Development

When developing applications with the Serverless Container Framework (SCF), you can take advantage of the Dev Mode feature which provides a local development environment that closely mirrors your production setup. It provides the following benefits:

  • Develop AWS Lambda and AWS Fargate containers rapidly with true local emulation
  • Route and simulate AWS ALB requests via localhost
  • Accelerate development with instant hot reloading
  • Inject live AWS IAM roles into your containers
  • Enjoy an elegant logging and debugging experience

Command

To start Dev Mode for your SCF project:

serverless dev

--stage

By default, the project will deploy all containers in the dev stage. You can target a different stage by using the --stage flag: serverless dev --stage prod.

--debug

This flag will enable debug logging.
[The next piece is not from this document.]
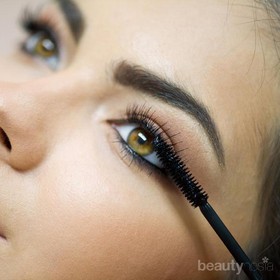 Cetar Membahana! 7 Maskara Waterproof Terbaik untuk Bulu Mata Dramatis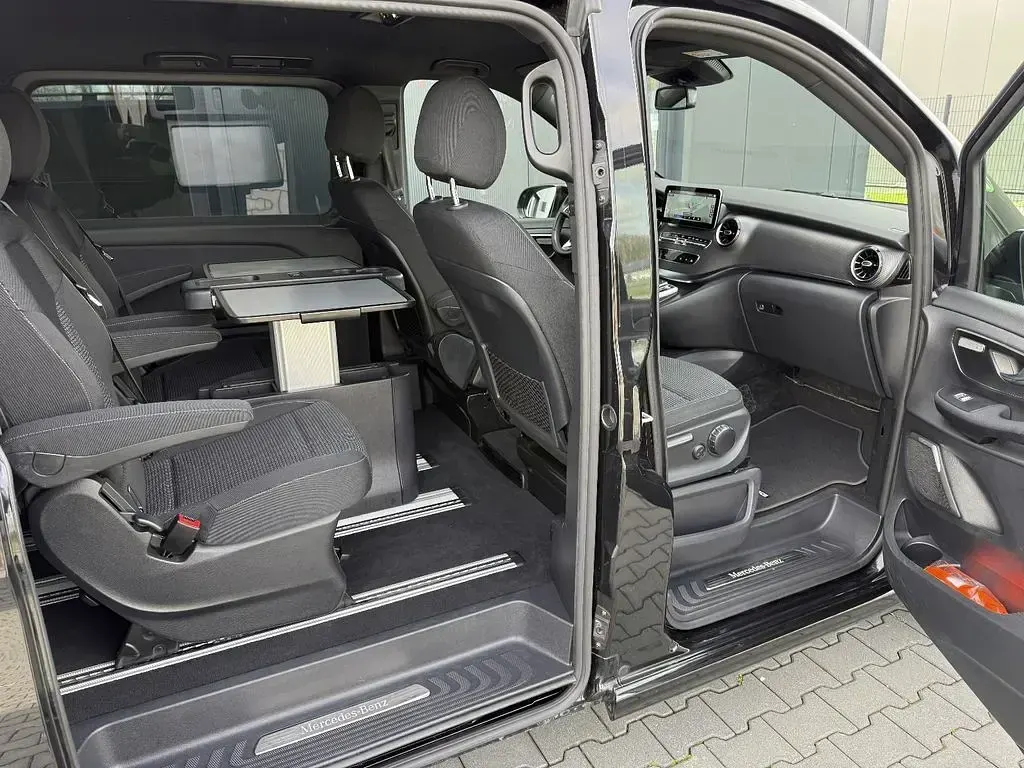 Second-hand Mercedes V300 AMG 237 CP (174 kW) 2022 Negru Monovolum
If you encounter an issue, please enable debug logging and provide the logs to the Serverless team.

--port-proxy

This option will set up the local proxy that emulates the AWS Application Load Balancer (ALB) routing to use a specific port. Otherwise, the default port is 3000.

--port-control

This option will set up the control plan that runs your containers locally to use a specific port. Otherwise, the default port is 3001.

Container Hot-Reloading

Dev Mode supports hot-reloading for:

  • Node.js applications
  • Python applications

When you make code changes, the containers automatically rebuild and restart while maintaining your application state.

Node.js Hot-Reloading

For Node.js applications, Hot Module Reloading (HMR) is enabled by default. Your application will automatically restart when files change.

By default, SCF uses a file-watching tool (chokidar) to monitor changes in the source code.

However, the container’s entrypoint script first checks for a "dev" command in the project's package.json and, when found, runs it to start the development process instead of the default HMR. If you want to customize your HMR or you are working with a framework that offers its own HMR, you can do so by adding a "dev" command to your project's package.json.

Python Hot-Reloading

Python applications use watchdog to monitor file changes and trigger rebuilds automatically.

Custom Dockerfiles

When using custom Dockerfiles, Dev Mode will still watch for file changes and trigger rebuilds.

AWS IAM Role Testing

When developing locally, SCF enables testing with live AWS IAM roles, if they are configured for a container in containers and the architecture has been deployed to AWS in that stage.

For clarity, if you have deployed into a dev stage, and you run Dev Mode locally within that dev stage, the AWS IAM Roles for your project within that stage will be located in the live AWS account, temporary credentials for them will be created, and those credentials will be injected into your containers, allowing you to test exact IAM permissions that will be used in production.

If you have not deployed your stage to AWS, no AWS IAM Roles will be available and therefore no temporary credentials will be created.

This provides several key benefits:

  • Test exact IAM permissions that will be used in production
  • Catch permission issues before deployment
  • Use and validate AWS service integrations locally

For example, if your container needs to access AWS S3 buckets or AWS DynamoDB tables, you can test these permissions locally using the actual IAM role that will be used in production.

IMPORTANT: Local development requires a specific AWS IAM trust policy to be injected into IAM roles. This trust policy allows the local development environment to assume the role. If you have already deployed your architecture to AWS, the dev command will automatically inject the trust policy into the IAM roles for your containers. You'll want to ensure that you do not do this in your production environment.